Leap Stone (August 27, 2009)




Stonereport: How has the economic downturn affected your business?

Gary Distelhorst: The U.S. stone industry is not immune to the global economic downturn. A spot survey of Marble Institute members suggests that nearly all of our member stone companies have experienced a dip in their business, which has forced most companies to tighten their belts. In fact, nearly three out of four members surveyed told us they have delayed capital investments like new machinery purchases. Many have also been forced to reduce staff.

Stonereport: How much impact has there been on machinery purchases?
Gary Distelhorst: As with every industry, our members are delaying new machinery purchases. The U.S. stone industry has significantly upgraded its technology in the past few years to improve efficiency and productivity. With the economic slowdown, our members seem comfortable using their existing machinery, or if planning to replace machinery are first investigating used equipment on the market (of which there is a huge amount). A spot survey of members suggests that about four in 10 have delayed all machinery purchases, and 85 percent have delayed at least some purchases.
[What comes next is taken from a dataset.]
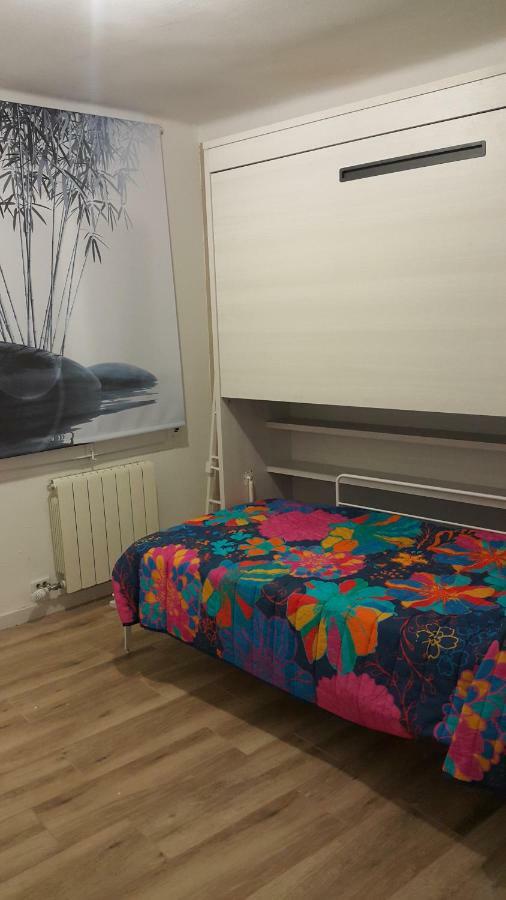 Apartamento Nuria Figueres  Exterior foto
Stonereport: When will the crisis end?
Gary Distelhorst: Our spot survey suggests that two out of three members believe the economy will improve next year. Obviously, a lot of our industry’s business depends on new-home construction. There are signs of improvement, but it’s too early to tell whether increased construction will be sustained. There is also the issue of a huge inventory of previously built, but unsold, new homes. In the future, newly constructed homes in the U.S. will be both more efficient and smaller.

Stonereport: What can machinery manufacturers do to help he industry?
Gary Distelhorst: Not surprisingly, nearly four out of 10 members we surveyed suggested that machinery manufacturers can help the industry by lowering costs of their equipment. But we thought it was interesting that 14 percent told us that machinery manufacturers could help the industry by providing financing for equipment purchases – and another 11 percent said machinery manufacturers should focus on making equipment more efficient.

Stonereport: What will the stone world look like after the crisis?
Gary Distelhorst: There will be somewhere in the neighborhood of 40% - 60% fewer fabrication shops, but those that remain will be more efficient and of generally higher quality, with generally higher business acumen. The industry should be stronger, but the “good old days” of 2005 and 2006 are gone forever, and natural stone fabricators will have to adjust by fabricating other materials, including engineered stone, etc. There will also be a growing commitment to customer choice and customer service.

Stonereport: How are the machinery manufacturers reacting to this change?
Gary Distelhorst: From the vantage point of the U.S. fabrication industry, it appears that the better machinery manufacturers are taking advantage of the downturn by improving machinery technology, offering better training, and are not flooding the market used heavy-handed sales tactics. Some U.S. manufacturers are aggressively trying to get the glut of used machinery out of the marketplace by actually trying to facilitate sales of such machinery.